The charity Crisis has identified the end of the eviction ban as one of the factors directly leading to homelessness over this Christmas and New Year period.
It claims some 227,000 families and individuals across Britain are experiencing the worst forms of homelessness - this includes people sleeping on the streets, stuck in insecure accommodation like B&Bs, or forced to sleep in cars and sheds because they don’t have a place to call home.
Most of these households are in England, not just because of the larger population, but also because there are higher levels of homelessness than in Scotland and Wales.
Crisis claims 0.86 per cent of all households in England are experiencing homelessness on any given night, compared with 0.69 per cent in Wales and 0.57 per cent in Scotland.
These different rates across the three nations are due to the different housing and homelessness policies in place; for example, Crisis states that in Scotland rates are lower than in England due to factors such as a better supply of social housing and more inclusive access to homelessness services.
Nearly 25,000 families and individuals are living in temporary accommodation such as B&Bs, including 22,600 households across England alone.
In a statement released over the holidays, Crisis claims that during 2021, a cut to universal credit, a freeze to housing benefit and the lifting of the ban on evictions “have pushed more people into homelessness.”
This research comes as Crisis operates its traditional Christmas services in a number of hubs across London for the 50th year.
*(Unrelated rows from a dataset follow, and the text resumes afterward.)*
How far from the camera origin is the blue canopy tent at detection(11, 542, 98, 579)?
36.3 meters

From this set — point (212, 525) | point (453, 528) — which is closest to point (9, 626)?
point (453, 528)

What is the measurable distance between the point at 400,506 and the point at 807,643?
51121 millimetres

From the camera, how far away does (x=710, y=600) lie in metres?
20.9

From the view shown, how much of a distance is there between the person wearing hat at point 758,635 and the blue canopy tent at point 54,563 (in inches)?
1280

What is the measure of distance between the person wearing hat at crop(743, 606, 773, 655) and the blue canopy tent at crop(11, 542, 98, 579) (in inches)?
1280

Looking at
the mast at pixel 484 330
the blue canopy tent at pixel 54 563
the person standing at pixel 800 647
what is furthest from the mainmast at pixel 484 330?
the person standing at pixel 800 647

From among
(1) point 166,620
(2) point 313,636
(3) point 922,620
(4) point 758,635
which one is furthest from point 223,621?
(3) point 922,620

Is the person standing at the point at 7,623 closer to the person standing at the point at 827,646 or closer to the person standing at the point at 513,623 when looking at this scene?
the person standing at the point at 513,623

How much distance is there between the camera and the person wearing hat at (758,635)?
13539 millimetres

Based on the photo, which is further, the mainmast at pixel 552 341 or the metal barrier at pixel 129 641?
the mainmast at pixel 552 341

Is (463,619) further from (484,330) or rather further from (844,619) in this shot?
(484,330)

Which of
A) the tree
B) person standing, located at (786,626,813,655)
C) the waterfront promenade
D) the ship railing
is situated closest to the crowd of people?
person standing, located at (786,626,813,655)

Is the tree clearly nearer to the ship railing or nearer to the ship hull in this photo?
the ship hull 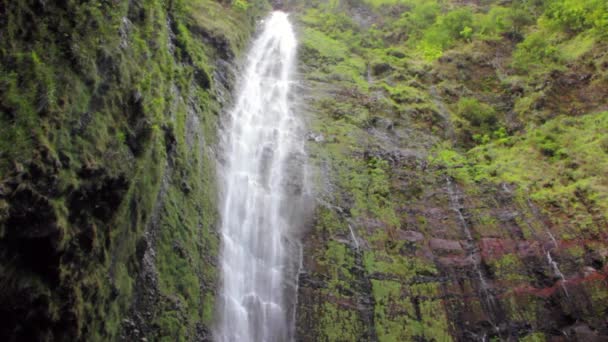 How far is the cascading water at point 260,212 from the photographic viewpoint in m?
12.4

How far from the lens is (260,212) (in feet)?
49.1

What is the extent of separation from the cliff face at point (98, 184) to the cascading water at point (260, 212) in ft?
3.24

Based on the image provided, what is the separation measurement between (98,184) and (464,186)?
13.1 m

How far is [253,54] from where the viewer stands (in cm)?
2414

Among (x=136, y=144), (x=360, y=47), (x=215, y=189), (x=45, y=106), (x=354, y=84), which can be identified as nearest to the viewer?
(x=45, y=106)

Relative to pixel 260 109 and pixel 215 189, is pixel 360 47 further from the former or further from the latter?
pixel 215 189

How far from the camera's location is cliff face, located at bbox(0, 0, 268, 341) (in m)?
6.11

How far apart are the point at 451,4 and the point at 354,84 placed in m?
13.1

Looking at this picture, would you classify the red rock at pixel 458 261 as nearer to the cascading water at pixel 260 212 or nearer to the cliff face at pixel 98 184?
the cascading water at pixel 260 212

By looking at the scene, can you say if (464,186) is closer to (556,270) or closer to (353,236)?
(556,270)

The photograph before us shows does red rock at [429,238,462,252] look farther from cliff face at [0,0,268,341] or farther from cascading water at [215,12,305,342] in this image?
cliff face at [0,0,268,341]

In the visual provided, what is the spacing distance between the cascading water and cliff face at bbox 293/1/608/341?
0.67m

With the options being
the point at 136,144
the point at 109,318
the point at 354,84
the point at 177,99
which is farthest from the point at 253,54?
the point at 109,318

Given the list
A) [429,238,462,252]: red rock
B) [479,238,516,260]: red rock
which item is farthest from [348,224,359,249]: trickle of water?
[479,238,516,260]: red rock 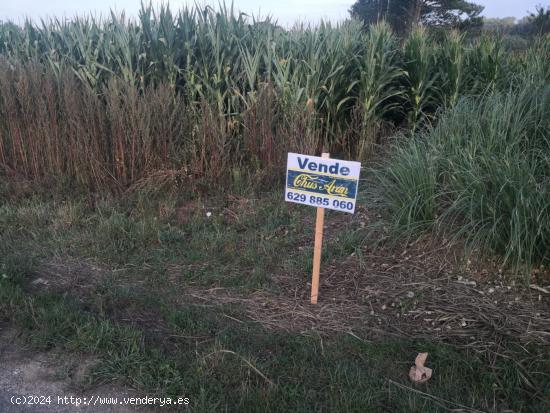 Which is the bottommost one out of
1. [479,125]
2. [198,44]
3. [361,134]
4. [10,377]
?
[10,377]

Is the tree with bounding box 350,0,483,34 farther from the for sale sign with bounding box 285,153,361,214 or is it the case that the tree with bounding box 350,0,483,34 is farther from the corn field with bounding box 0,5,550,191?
the for sale sign with bounding box 285,153,361,214

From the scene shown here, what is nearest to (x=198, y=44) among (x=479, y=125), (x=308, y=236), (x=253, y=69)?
(x=253, y=69)

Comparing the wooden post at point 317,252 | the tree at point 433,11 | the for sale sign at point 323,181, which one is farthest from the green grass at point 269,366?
the tree at point 433,11

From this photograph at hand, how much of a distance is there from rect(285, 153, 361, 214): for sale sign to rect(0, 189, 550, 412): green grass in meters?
0.91

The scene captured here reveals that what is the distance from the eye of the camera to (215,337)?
3693mm

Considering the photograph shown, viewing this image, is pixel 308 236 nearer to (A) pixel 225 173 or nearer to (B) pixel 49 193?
(A) pixel 225 173

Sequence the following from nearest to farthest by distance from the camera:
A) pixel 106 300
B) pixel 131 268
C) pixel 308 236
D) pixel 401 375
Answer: pixel 401 375, pixel 106 300, pixel 131 268, pixel 308 236

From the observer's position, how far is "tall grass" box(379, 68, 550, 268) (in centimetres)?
405

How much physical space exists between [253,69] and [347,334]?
474 centimetres

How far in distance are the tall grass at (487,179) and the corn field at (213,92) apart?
3.48 feet

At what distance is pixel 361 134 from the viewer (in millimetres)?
7707

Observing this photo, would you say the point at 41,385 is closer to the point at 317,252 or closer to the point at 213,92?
the point at 317,252

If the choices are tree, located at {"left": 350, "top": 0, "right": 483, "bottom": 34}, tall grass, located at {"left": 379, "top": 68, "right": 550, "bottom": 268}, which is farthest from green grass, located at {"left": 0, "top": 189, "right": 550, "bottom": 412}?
tree, located at {"left": 350, "top": 0, "right": 483, "bottom": 34}

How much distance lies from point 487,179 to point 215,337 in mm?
2615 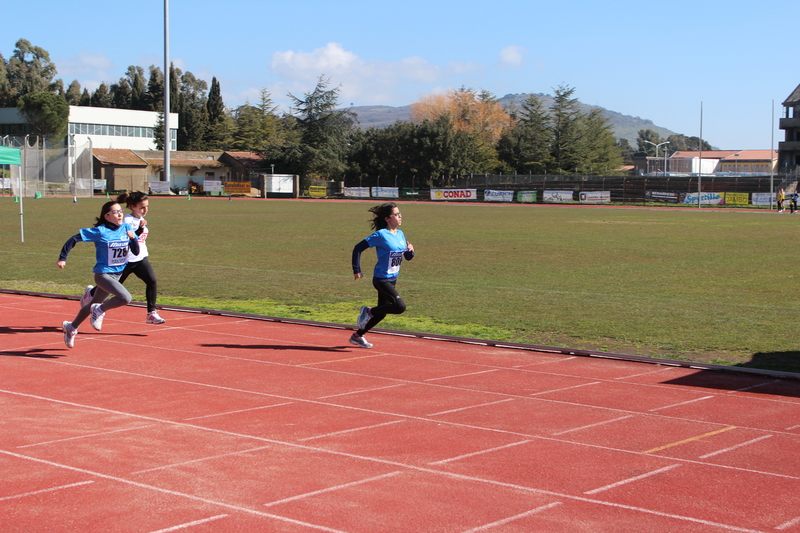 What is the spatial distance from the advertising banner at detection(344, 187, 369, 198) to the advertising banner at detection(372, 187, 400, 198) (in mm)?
876

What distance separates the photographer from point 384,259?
9250 mm

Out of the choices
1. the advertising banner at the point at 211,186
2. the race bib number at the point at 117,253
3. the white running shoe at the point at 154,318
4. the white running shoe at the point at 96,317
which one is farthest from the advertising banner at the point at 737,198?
the white running shoe at the point at 96,317

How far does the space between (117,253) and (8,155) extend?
1378cm

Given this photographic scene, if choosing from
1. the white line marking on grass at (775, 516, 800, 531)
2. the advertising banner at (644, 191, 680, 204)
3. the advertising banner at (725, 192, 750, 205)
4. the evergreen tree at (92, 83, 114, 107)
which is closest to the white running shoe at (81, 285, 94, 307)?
the white line marking on grass at (775, 516, 800, 531)

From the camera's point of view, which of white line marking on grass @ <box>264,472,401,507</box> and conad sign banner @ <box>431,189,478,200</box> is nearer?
white line marking on grass @ <box>264,472,401,507</box>

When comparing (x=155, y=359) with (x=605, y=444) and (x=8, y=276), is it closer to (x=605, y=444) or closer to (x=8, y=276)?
(x=605, y=444)

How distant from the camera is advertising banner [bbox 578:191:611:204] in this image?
69.3 metres

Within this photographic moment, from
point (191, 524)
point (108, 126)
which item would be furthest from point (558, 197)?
point (191, 524)

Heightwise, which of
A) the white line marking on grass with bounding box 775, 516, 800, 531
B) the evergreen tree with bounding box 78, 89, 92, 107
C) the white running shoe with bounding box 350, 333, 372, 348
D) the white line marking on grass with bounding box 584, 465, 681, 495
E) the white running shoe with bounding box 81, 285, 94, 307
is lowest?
the white line marking on grass with bounding box 584, 465, 681, 495

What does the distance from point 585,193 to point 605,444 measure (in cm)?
6682

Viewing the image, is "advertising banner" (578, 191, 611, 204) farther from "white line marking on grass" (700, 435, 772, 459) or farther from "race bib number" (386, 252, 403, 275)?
"white line marking on grass" (700, 435, 772, 459)

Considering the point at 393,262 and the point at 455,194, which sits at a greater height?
the point at 455,194

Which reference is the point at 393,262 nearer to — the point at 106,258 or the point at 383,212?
the point at 383,212

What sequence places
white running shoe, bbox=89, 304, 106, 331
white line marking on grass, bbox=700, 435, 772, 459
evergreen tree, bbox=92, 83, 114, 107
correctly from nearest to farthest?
white line marking on grass, bbox=700, 435, 772, 459, white running shoe, bbox=89, 304, 106, 331, evergreen tree, bbox=92, 83, 114, 107
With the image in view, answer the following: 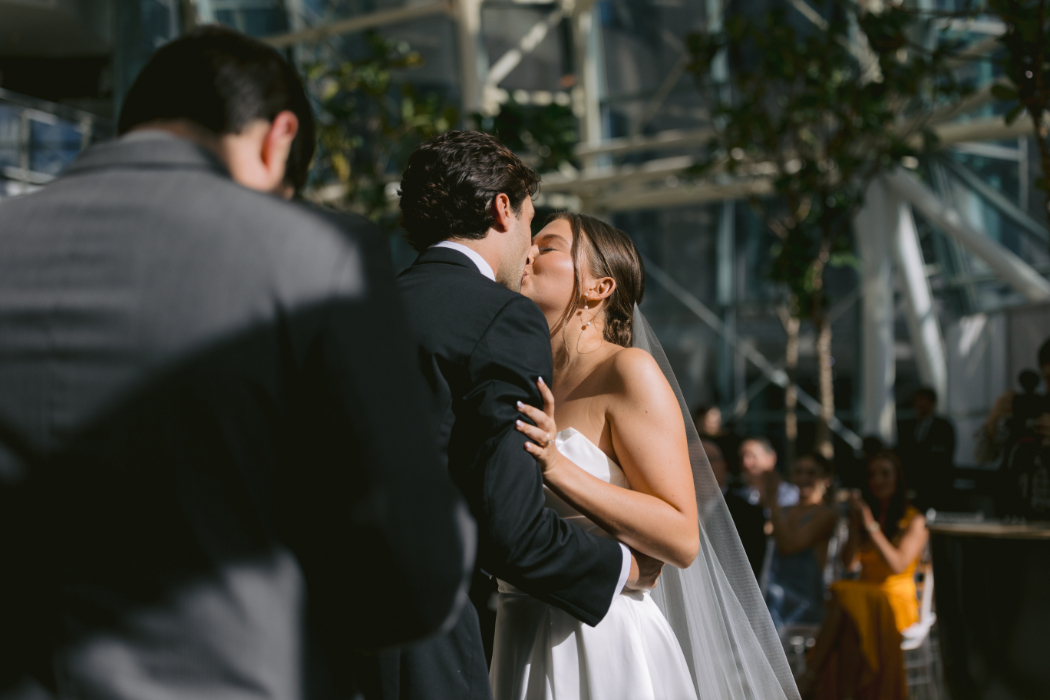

Chief executive Jon Sparkes says: “No-one should be without a place to call home now or at any time of year. It is utterly devastating that throughout Britain thousands of people are facing a Christmas on the streets, trying to shelter in places like a car or stuck living in one room in a B&B with no proper cooking or washing facilities. It shouldn’t have to be like this.
"For the last 50 years at Crisis at Christmas we’ve opened our doors to people at one of the most difficult times of the year, providing respite from the hardships of homelessness. More importantly, we’ve introduced thousands of people to our year-round support to help them leave homelessness behind for good. We don’t want to have to be here in another 50 years.”